■ SUPPLIED MATERIAL ■
········

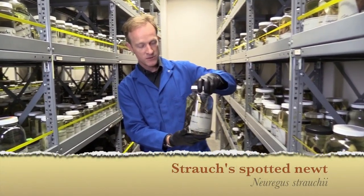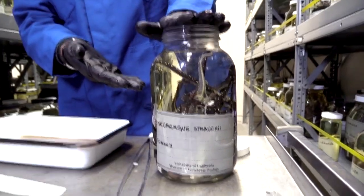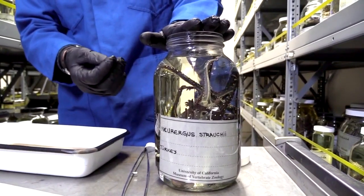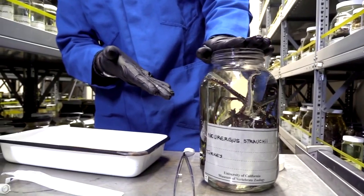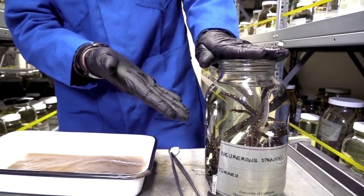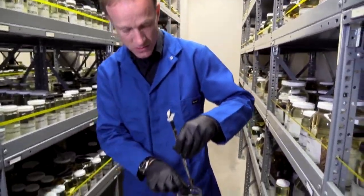I've got a jar of animals here — these are specimens, salamanders from the family Salamandridae, collected in Turkey. We're going to search to see whether these animals are infected with a fungal pathogen. We'll take one of the animals out and swab the skin. You might be wondering: if we get a positive, how do we know it's the animal I swabbed and not some of these other animals cross-contaminating it? That's a perfectly reasonable question, and I'm going to show you how we address that.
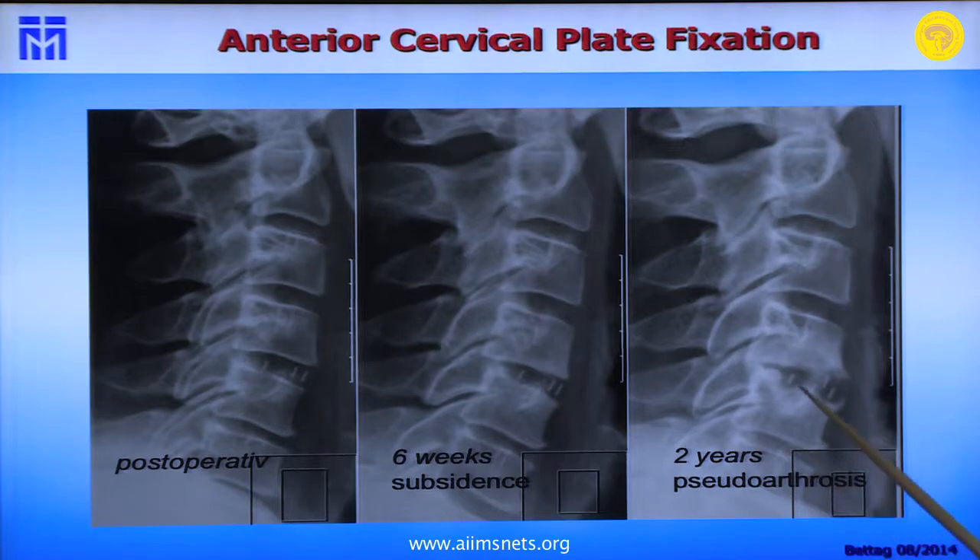Many people in Germany say subsidence is often seen but doesn't matter. This is not true. If you carefully follow these patients, you will see that many have at least local neck pain, which doctors often dismiss as insignificant — but it can be really bothersome for the patient. And two years later, you can have a pseudoarthrosis, with the foramina narrowed again, the patient having the same complaints as before.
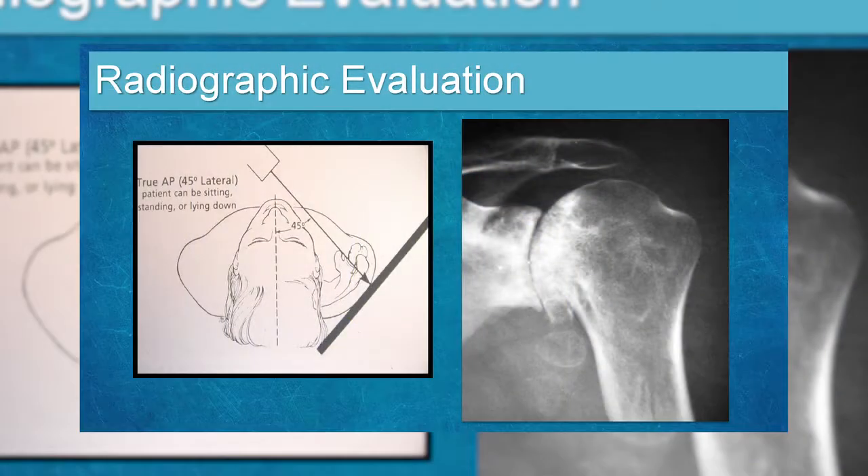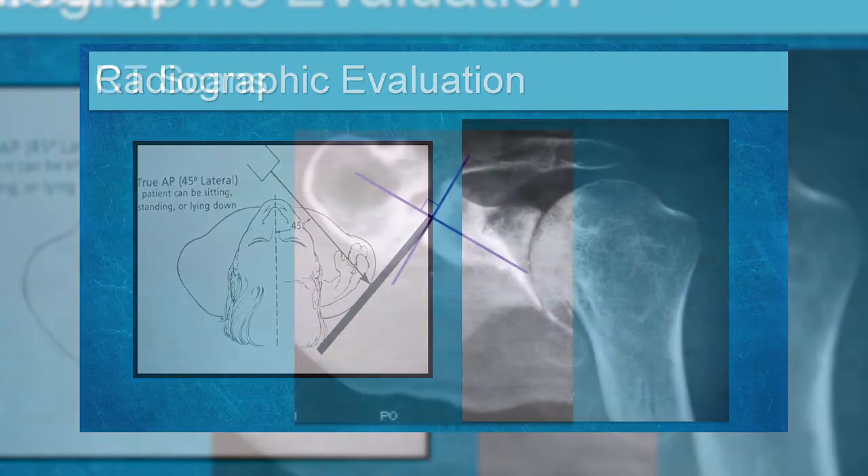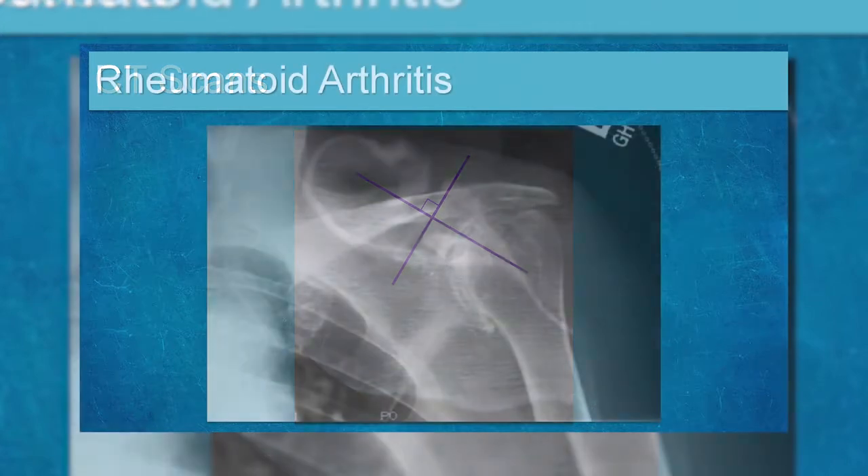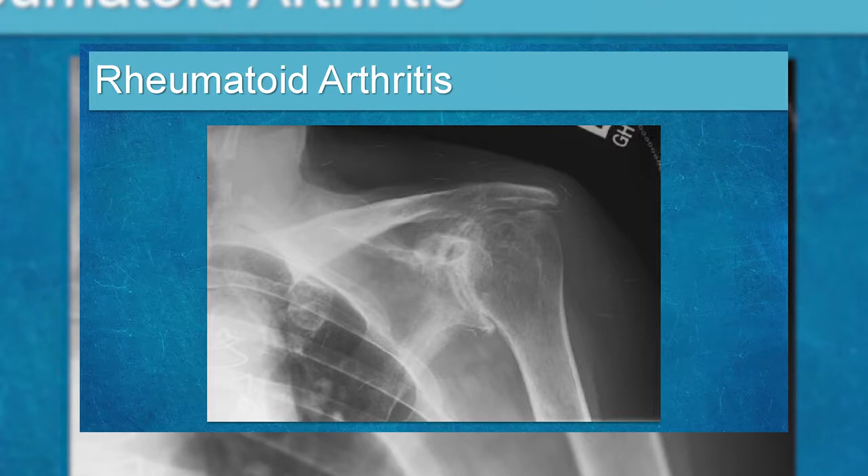For imaging, a true AP of the shoulder lets you see the joint clearly — on X-ray you can see an obliterated joint. CT scans add a lot of information; for arthritis, I prefer CT over MRI. With rheumatoid arthritis, before modern medicines, the synovium would eat into the cartilage and bone, destroying the entire joint, leaving patients in wheelchairs or crippled by their 40s — thankfully that is no longer the case today.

········

■ EXERCISE DETAILS ■
What you output must match the data exactly, apart from the pictures, which are left out.

■ RESPONSE AREA ■
I've got a jar of animals here — these are specimens, salamanders from the family Salamandridae, collected in Turkey. We're going to search to see whether these animals are infected with a fungal pathogen. We'll take one of the animals out and swab the skin. You might be wondering: if we get a positive, how do we know it's the animal I swabbed and not some of these other animals cross-contaminating it? That's a perfectly reasonable question, and I'm going to show you how we address that.
Many people in Germany say subsidence is often seen but doesn't matter. This is not true. If you carefully follow these patients, you will see that many have at least local neck pain, which doctors often dismiss as insignificant — but it can be really bothersome for the patient. And two years later, you can have a pseudoarthrosis, with the foramina narrowed again, the patient having the same complaints as before.
For imaging, a true AP of the shoulder lets you see the joint clearly — on X-ray you can see an obliterated joint. CT scans add a lot of information; for arthritis, I prefer CT over MRI. With rheumatoid arthritis, before modern medicines, the synovium would eat into the cartilage and bone, destroying the entire joint, leaving patients in wheelchairs or crippled by their 40s — thankfully that is no longer the case today.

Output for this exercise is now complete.